Am Beueler Bahnhof : Wieder Atomtransport gesichtet

Ein Güterzug mit radioaktivem Material hat den Beueler Bahnhof passiert. Atomkraftgegner kritisieren mangelnde Information.

Ein Güterzug mit radioaktivem Material hat gestern am frühen Morgen Beuel passiert. Nach Angaben der Initiative "AntiAtomBonn" (AAB) fuhr der Zug mit neun Containern um 6.15 Uhr auf dem Weg von Köln in Richtung Koblenz durch den Beueler Bahnhof. Das Eisenbahn-Bundesamt (EBA) bestätigte gestern indirekt, dass es einen Transport gegeben hat. Laut den Atomkraftgegnern ist es bereits der fünfte derartige Transport innerhalb weniger Wochen, der über Bonner Stadtgebiet gefahren ist.

Auf einem Foto der Bonner Aktivisten, die sich für den endgültigen Atomausstieg einsetzen, ist zu erkennen, dass die Container gelbe Gefahrgutzeichen mit der Klasse "7" für radioaktive Stoffe tragen, außerdem die Kennzeichnung "UN 2912", die für Uranoxid steht. Laut AAB handelt es sich um Uranerzkonzentrat aus Kasachstan oder Usbekistan, das über den Hamburger Hafen zur Weiterverarbeitung in das südfranzösische Narbonne transportiert wird.
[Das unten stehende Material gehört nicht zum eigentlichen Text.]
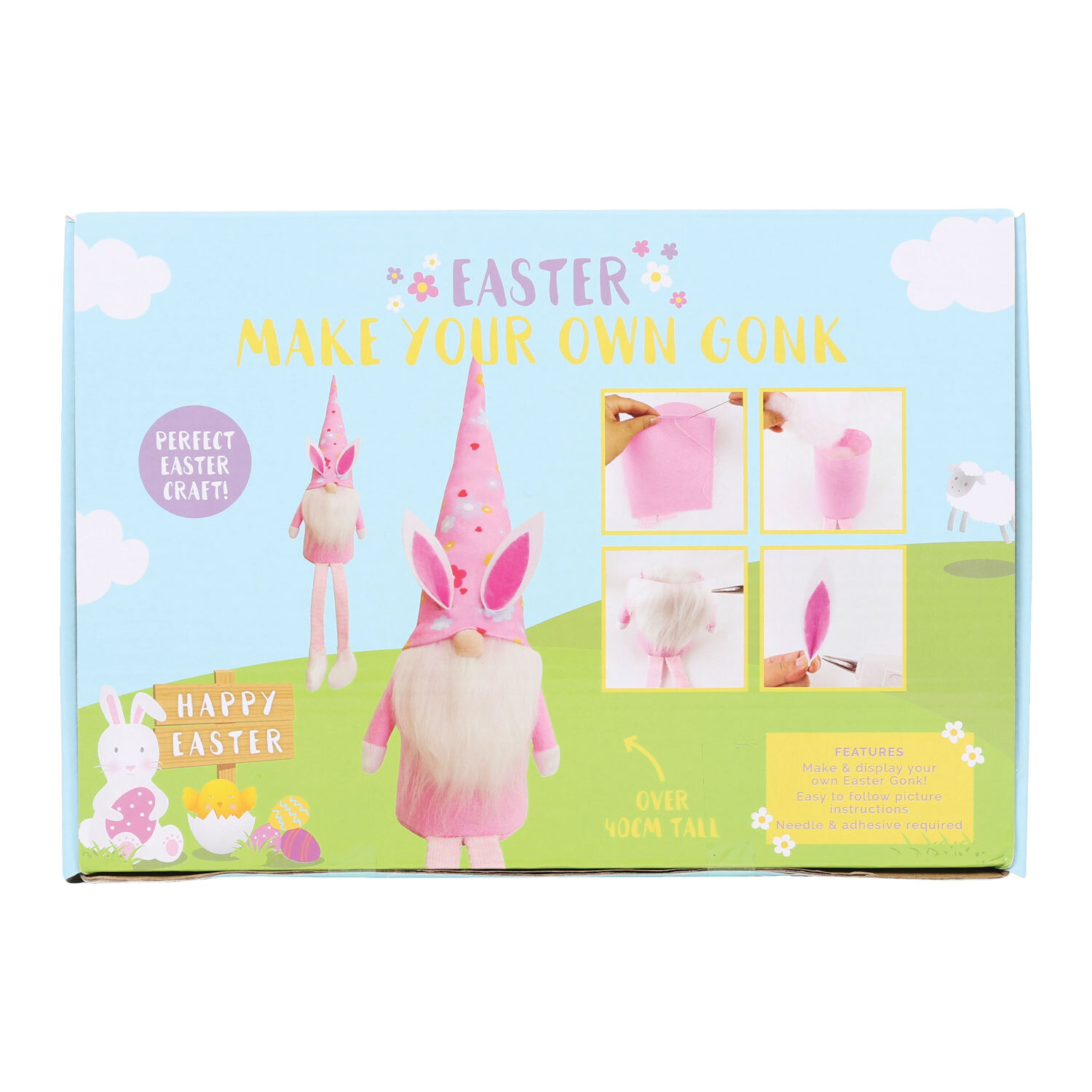 Make Your Own Easter Gonk Set Image 1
Deutschland fungiere nur als Transitland, sagte Herbert Hoting von AAB. Ein Netzwerk aus Anti-Atomkraft-Aktivisten beobachte die Container regelmäßig und schon seit der Verschiffung. So sei es den Bonner Mitgliedern auch gelungen, ein Foto von der Durchfahrt zu machen.

Während das Bundesamt für Strahlenschutz (BfS) für die Genehmigung von Transporten von Kernbrennstoffen und Großquellen zuständig ist, genehmigt das Eisenbahn-Bundesamt (EBA) die Beförderung von sonstigen radioaktiven Stoffen im Schienenverkehr. Das sind zum Beispiel Abfälle aus kerntechnischen Anlagen (Metallteile, Kanthölzer, Handschuhe) oder Vorprodukte für die Kernbrennstoffherstellung. Laut EBA-Jahresbericht gab es 2013 bundesweit 132 solcher Transporte mit insgesamt 352 Wagen. Die Genehmigung gilt in der Regel für drei Jahre.
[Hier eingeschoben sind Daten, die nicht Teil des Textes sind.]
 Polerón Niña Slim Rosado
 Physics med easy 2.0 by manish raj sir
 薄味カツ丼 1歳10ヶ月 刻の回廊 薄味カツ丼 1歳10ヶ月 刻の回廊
Der Genehmigungsinhaber müsse die jeweils konkret anstehenden Beförderungen kurzfristig beim EBA, den Sicherheitsbehörden und dem Beförderer anmelden, heißt es bei der Pressestelle. So sei auch das Prozedere für den gestrigen Transport gewesen. Weitere Informationen zur Ladung des gestrigen Transports und zur Route wollte die Pressestelle nicht nennen. Aus Sicherheitsgründen erteile die Behörde zu den Transportrouten keine Auskünfte, um Störungen durch Einwirkungen Dritter vorzubeugen. Dass weder die Bevölkerung noch der örtliche Katastrophenschutz über die Transporte radioaktiven Materials informiert wird, kritisiert AAB.